Toyota also offers the TRD Off-Road Package on other model grades, including the SR5, Limited, and 1794 Edition. They’re available with 2WD or 4WD as well as the V6 i-FORCE or hybrid i-FORCE MAX engines.
Four-wheel-drive models with the TRD Off-Road package or the TRD Pro are equipped with the new-to-Tundra electronic locking rear differential. This can be engaged after putting the Tundra in low four-wheel drive.
The TRD Off-Road suspension is built upon tuned Bilstein monotube shocks and 18-inch TRD alloy wheels. And it comes equipped with 265/70R18 Michelin LTX all-terrain tires on the SR5 model and 265/60R20 Falken WILDLEAK all-terrain tires on the Limited and 1794 Edition models.
Toyota Off-Road Packages: What They Share
Like other Toyota models, the Tundra Off-Road family includes options for the brand’s Multi-Terrain View Monitor. In short, it helps you see around and under the car like a (now traditional) rearview camera can.
It may not be something you use often, but it provides some peace of mind. For instance, it could come in handy when you’re cresting a steep hill and can’t see enough of what’s ahead over the nose of the truck.
If you’re on a long, rugged road, you can set this feature to come on any time you drive below 8 mph. It lets you see underneath the truck, so you can double-check you’re still holding your line of approach around steep ruts or rocks. The same goes when you’re trying to squeeze between two trees or back up as close to a wall as possible.
The Tundra TRD Pro and TRD Off-Road Package also include tech for tackling typical off-road conditions.
Multi-Terrain Select will adjust your wheel spin and traction based on the type of terrain you’re driving on (Rock, Mud, Sand, and Mogul modes). It lets you gun the throttle for traction without the automatic trying to find different gears, and tweaks the steering response in different conditions.

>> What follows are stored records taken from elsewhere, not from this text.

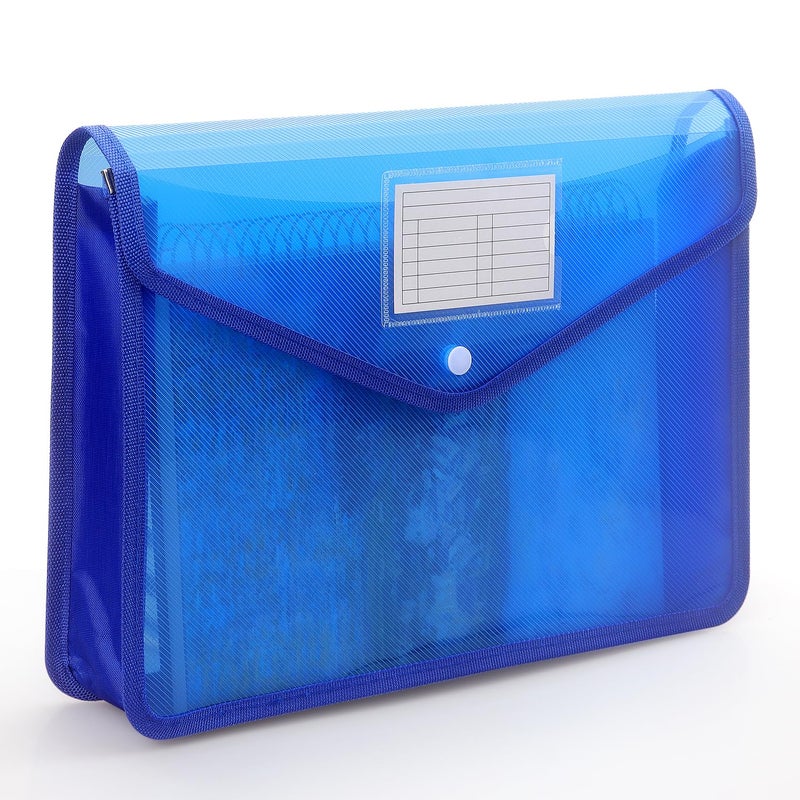 Tamaki Plastic Expanding File Folder, Transparent envelopes with Snap Closure, No Dividers, Large Capacity, Fit Letter/A4 Size (Blue) - Image 1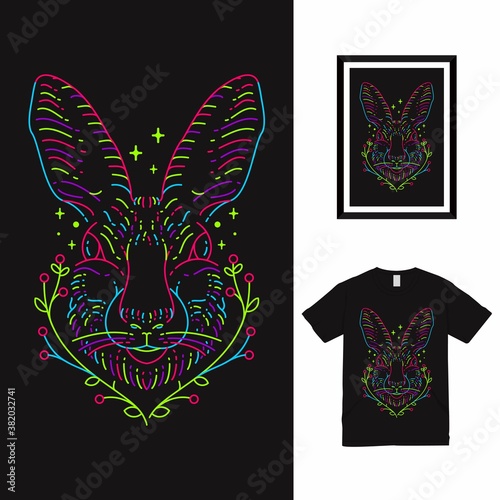 Colorful Rabbit Line Art T shirt Design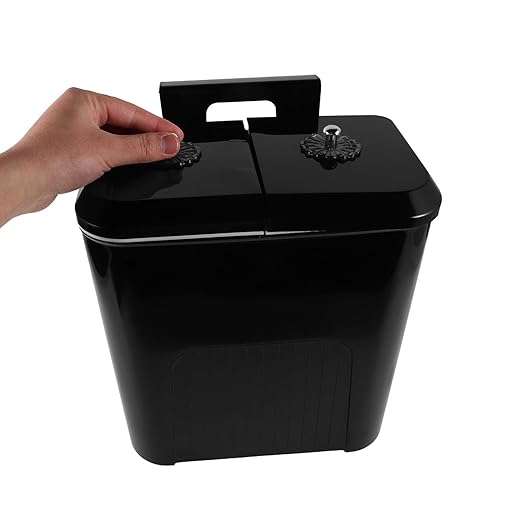 Ipetboom Kitchen Wall-Mounted Trash Can 9l with Dual Flip Lids Food Waste Bin Plastic Compost Bin for Home Kitchen Bathroom Cabinet Waste Sorting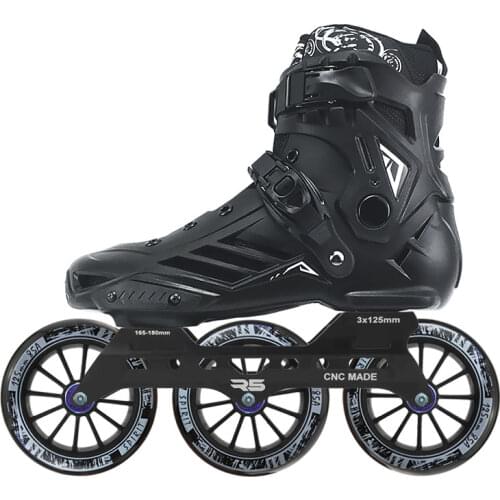Speed Inline Skate High Ankle Roller Skates 3x125mm Wheels Marathon Professional Half Boots Skating Shoes Free Skating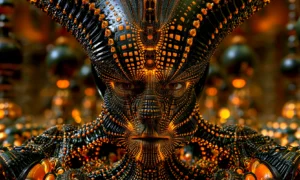 studded mask guardian landscape art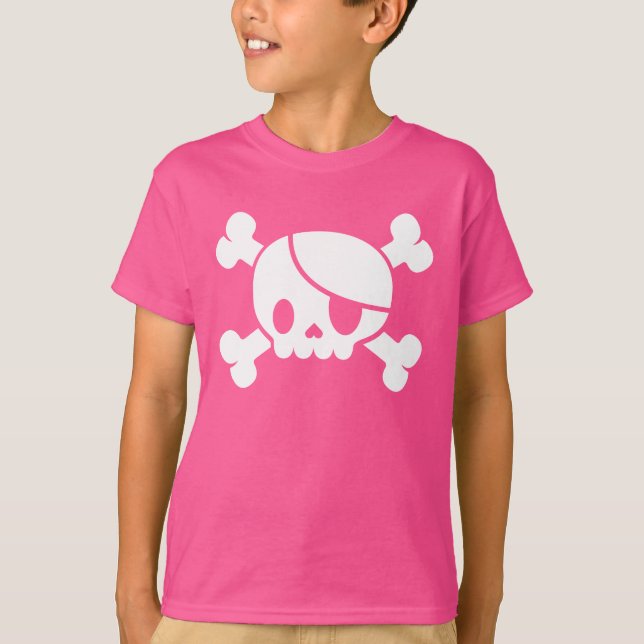 Camiseta rosada del pirata del niño (Anverso)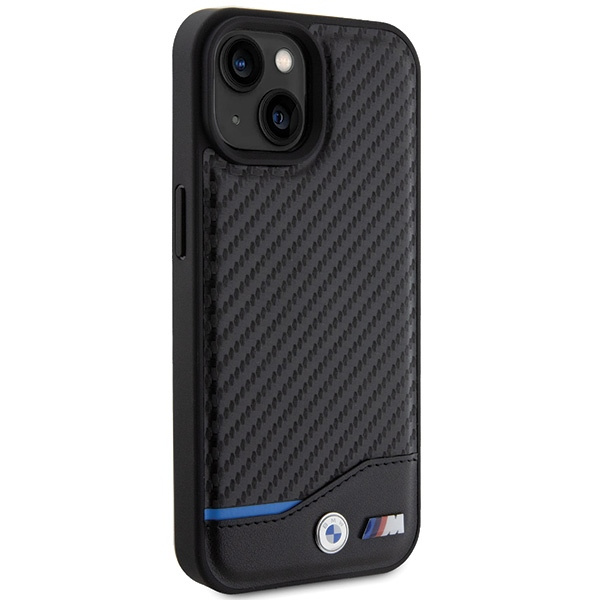 BMW Leder-Carbon-Hülle für iPhone 15 – schwarz 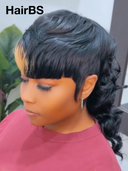 Half-price Wig mullet machine made quick wave 100% Human Hair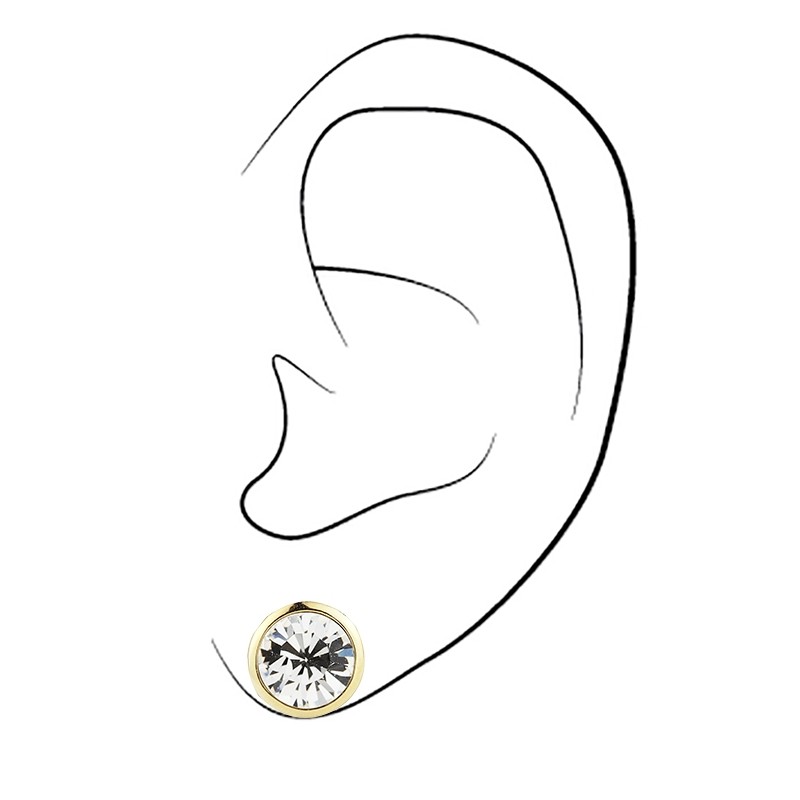 Traveller Oorstekers - Verguld - Kristal - 10mm - 157490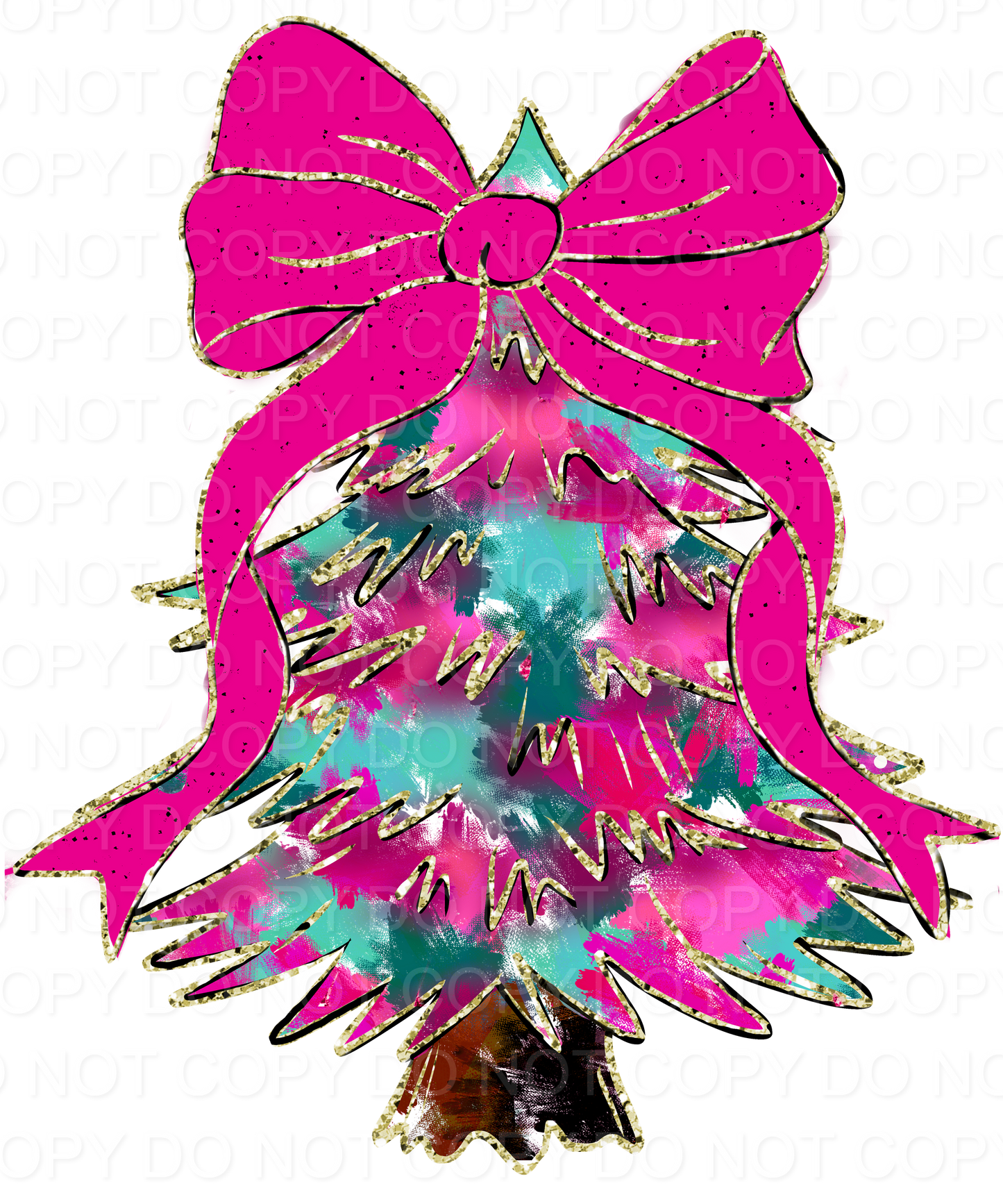 Christmas Tree with Hot Pink Bow (Direct To Film)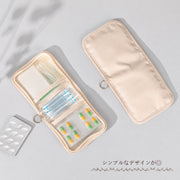 お薬ポーチ コンパクト スリム トラベルポーチ 救急箱 ポータブル 持ち運び 薬収納 ファスナー メッシュポケット コスメポーチ 化粧品ポーチ シンプル 無地 かわいい 女性 男性 便利アイテム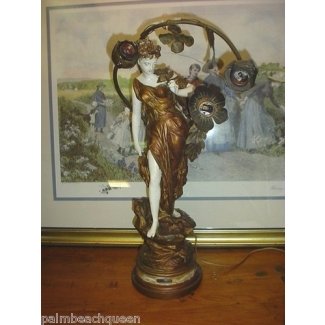  Estatuilla de dama art nouveau antigua Lámpara de bronce mestais de 1900 idyelle 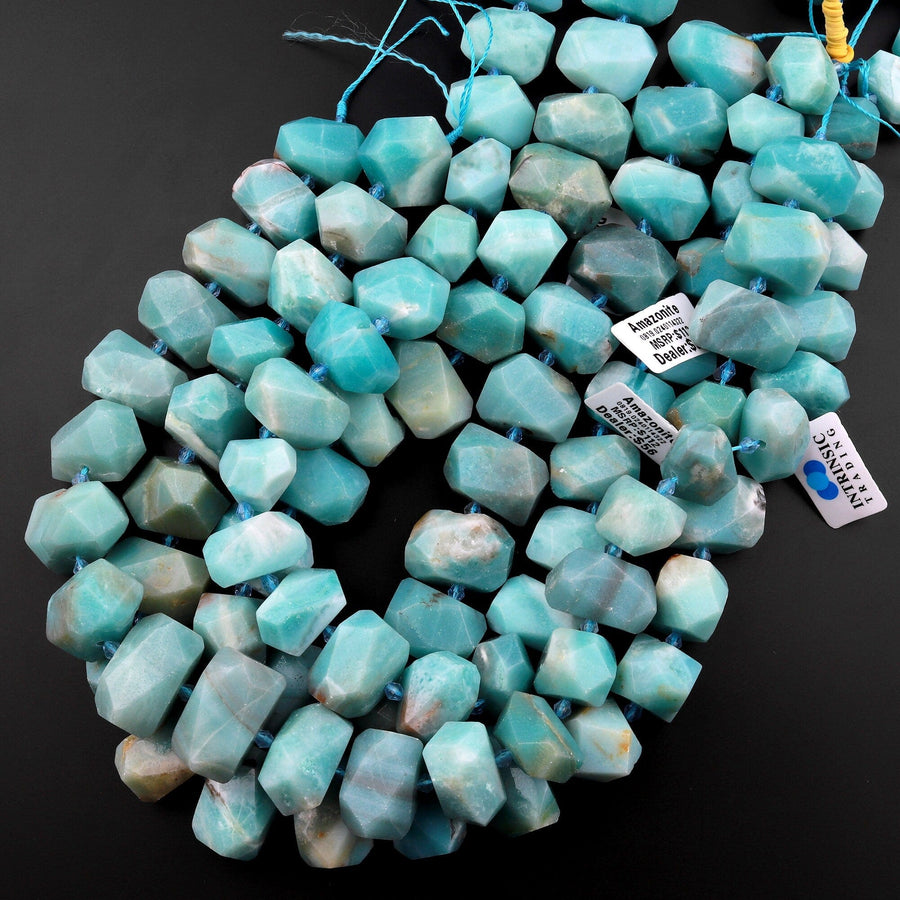 Large Faceted Blue Amazonite Beads Center Drilled Chunky Rectangle Nuggets 15.5" Strand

CRAWL Control acts like a low-speed, off-road cruise control up to 5 mph. This lets drivers take their foot off the brake and concentrate on steering. It uses the truck’s sensors to detect wheel slip and then regulate the power applied to each wheel.
Lastly, there’s Downhill Assist Control for limiting the truck’s speed on steep, rugged slopes.
If you’ve got your eye on a 2022 Toyota Tundra for your outdoor adventures, we’d recommend looking at the TRD Pro model or the TRD Off-Road packages on another build.
Obviously, pricing is a factor. Consider how often you’ll be saying goodbye to paved roads and decide from there.
The TRD Pro offers more performance on long treks over rough terrain. The add-on Off-Road packages let you upgrade the off-road capabilities of more affordable models.
Either way, Toyota trucks are bestsellers, and the TRD capabilities are part of what makes them so popular.